(Crawled caption data)

**********

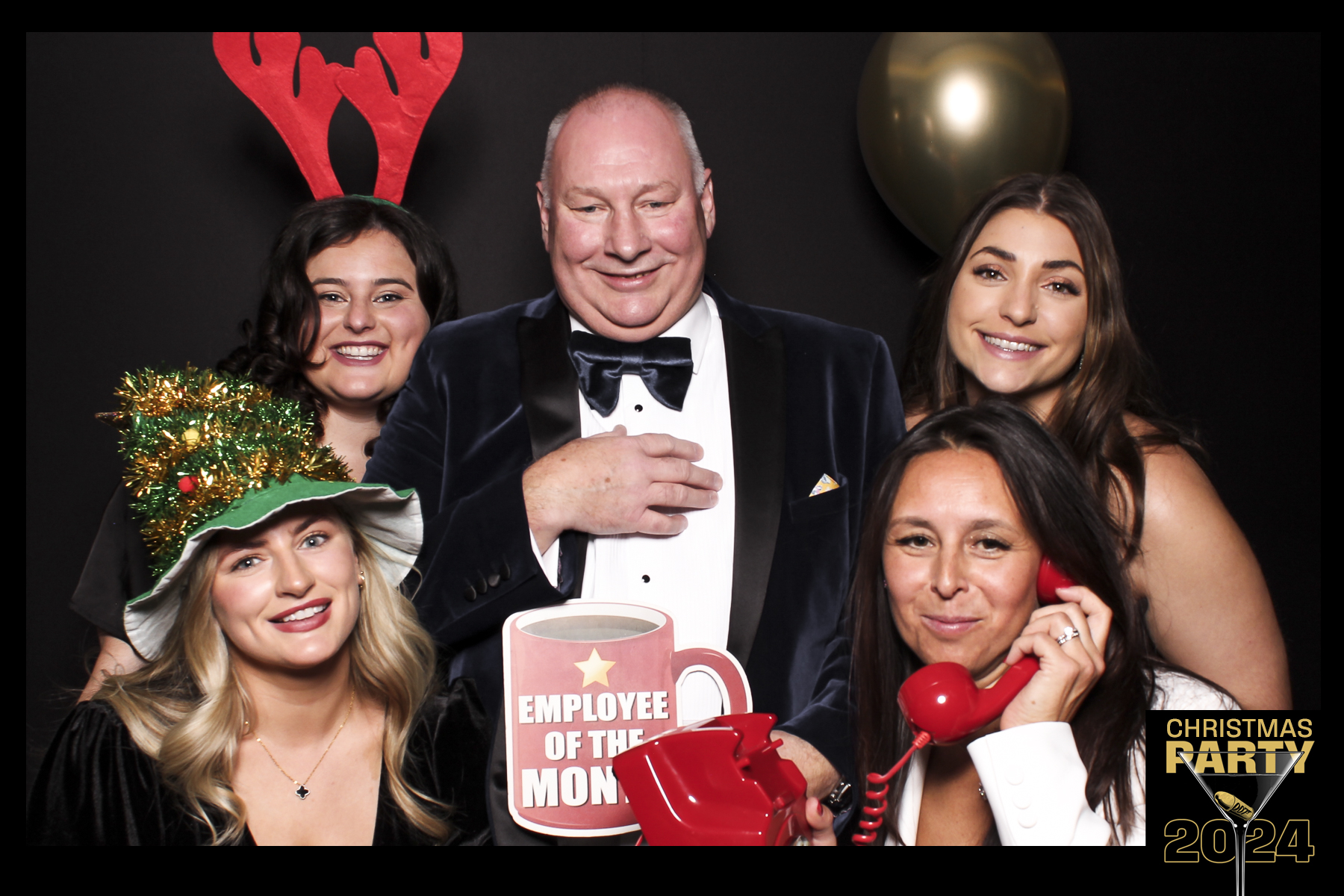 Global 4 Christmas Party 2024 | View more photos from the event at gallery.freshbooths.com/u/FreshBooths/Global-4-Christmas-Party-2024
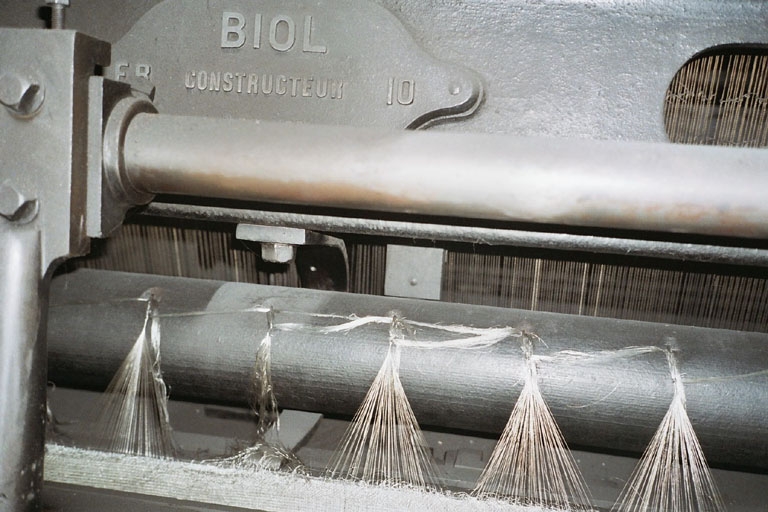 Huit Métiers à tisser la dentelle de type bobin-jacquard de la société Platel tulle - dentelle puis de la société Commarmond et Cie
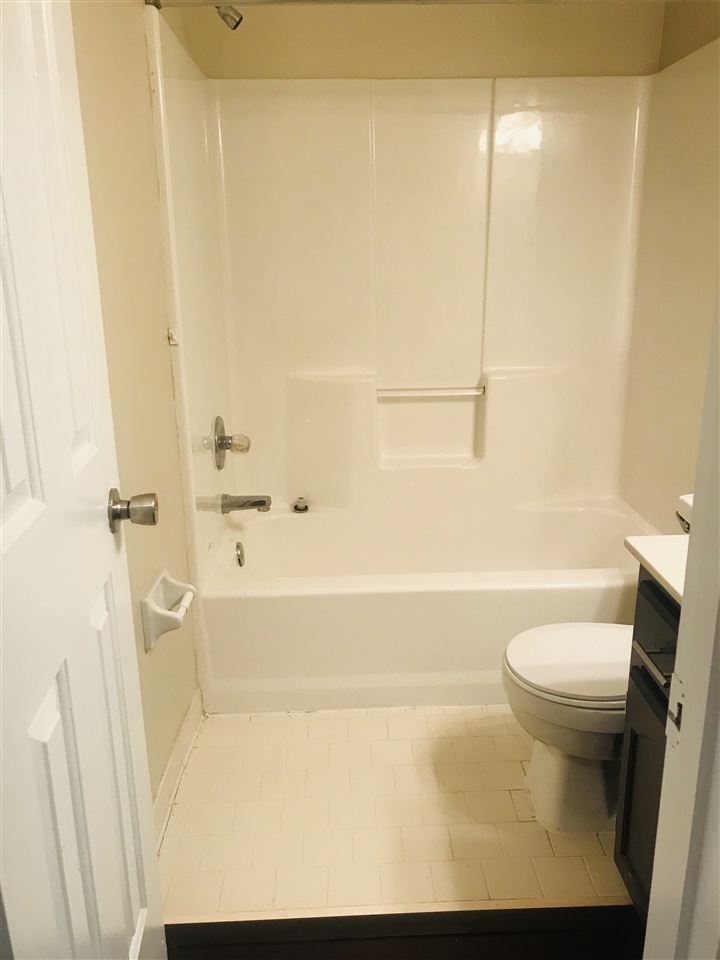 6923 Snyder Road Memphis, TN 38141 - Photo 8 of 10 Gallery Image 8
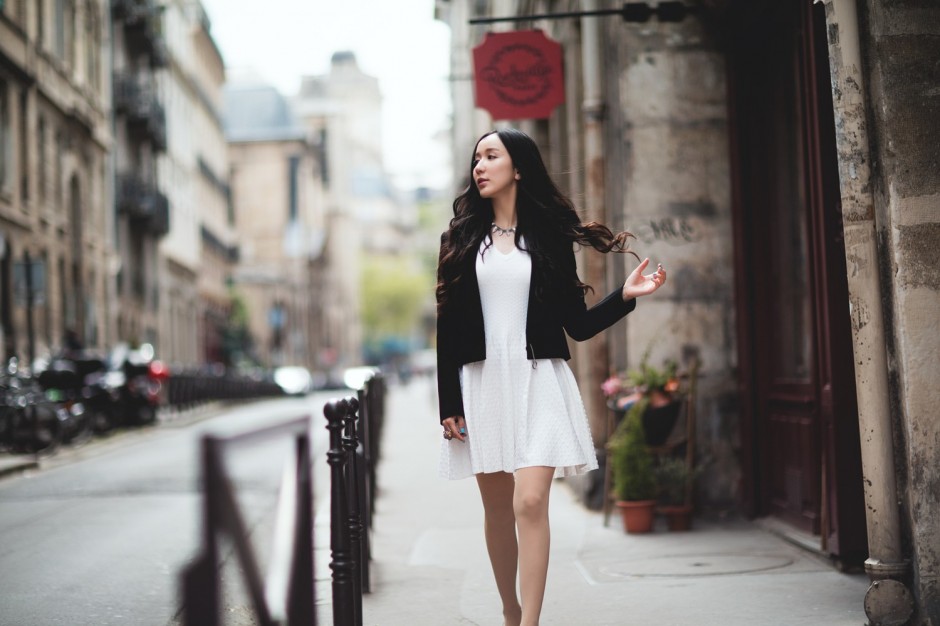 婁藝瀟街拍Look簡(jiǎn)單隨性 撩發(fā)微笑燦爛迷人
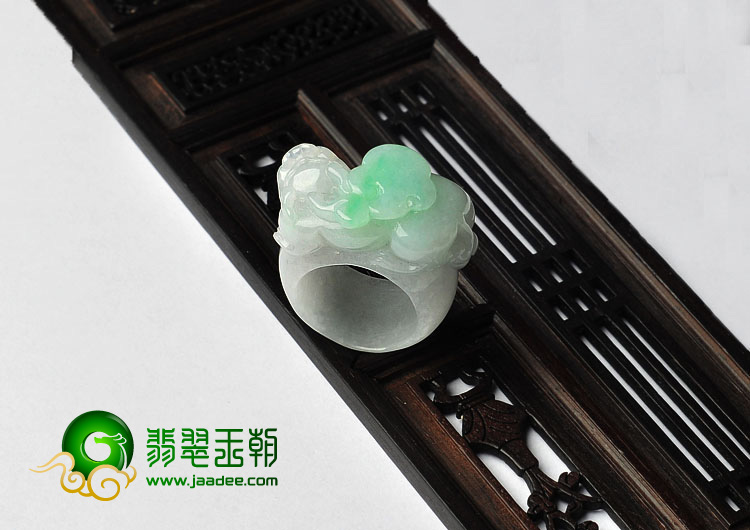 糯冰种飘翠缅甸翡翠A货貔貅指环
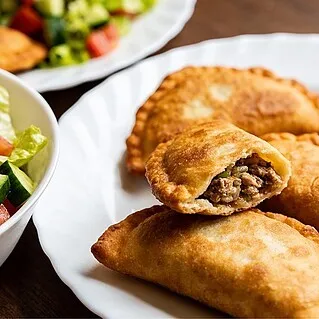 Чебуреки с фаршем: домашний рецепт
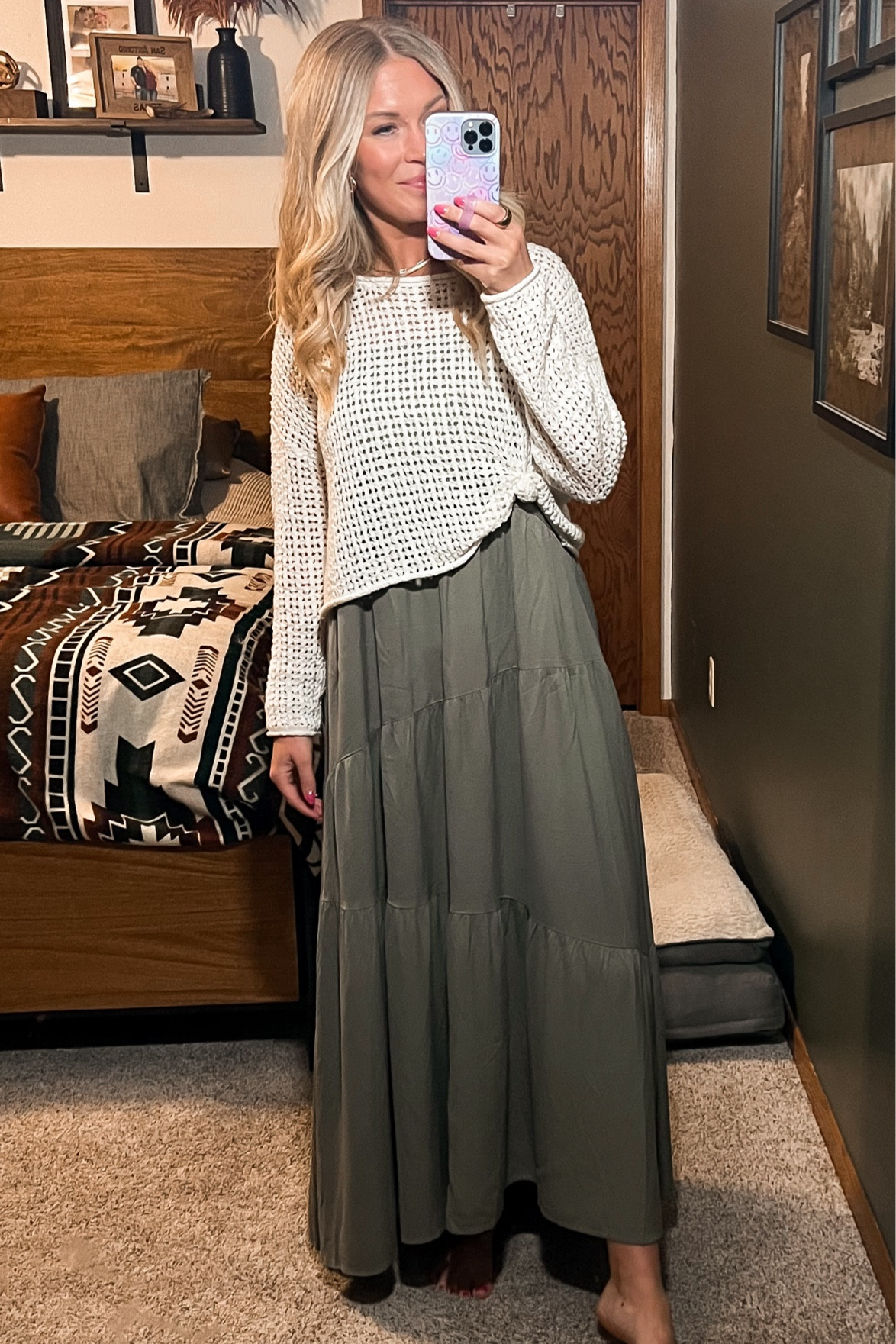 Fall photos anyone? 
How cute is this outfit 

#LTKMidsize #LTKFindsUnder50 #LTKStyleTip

**********

> Task details
Give back exactly, and only, the lines from the one holding "6923 Snyder Road" through the last line of the entries, with every picture omitted.

> Answer to this task
 6923 Snyder Road Memphis, TN 38141 - Photo 8 of 10 Gallery Image 8
 婁藝瀟街拍Look簡(jiǎn)單隨性 撩發(fā)微笑燦爛迷人
 糯冰种飘翠缅甸翡翠A货貔貅指环
 Чебуреки с фаршем: домашний рецепт
 Fall photos anyone? 
How cute is this outfit 

#LTKMidsize #LTKFindsUnder50 #LTKStyleTip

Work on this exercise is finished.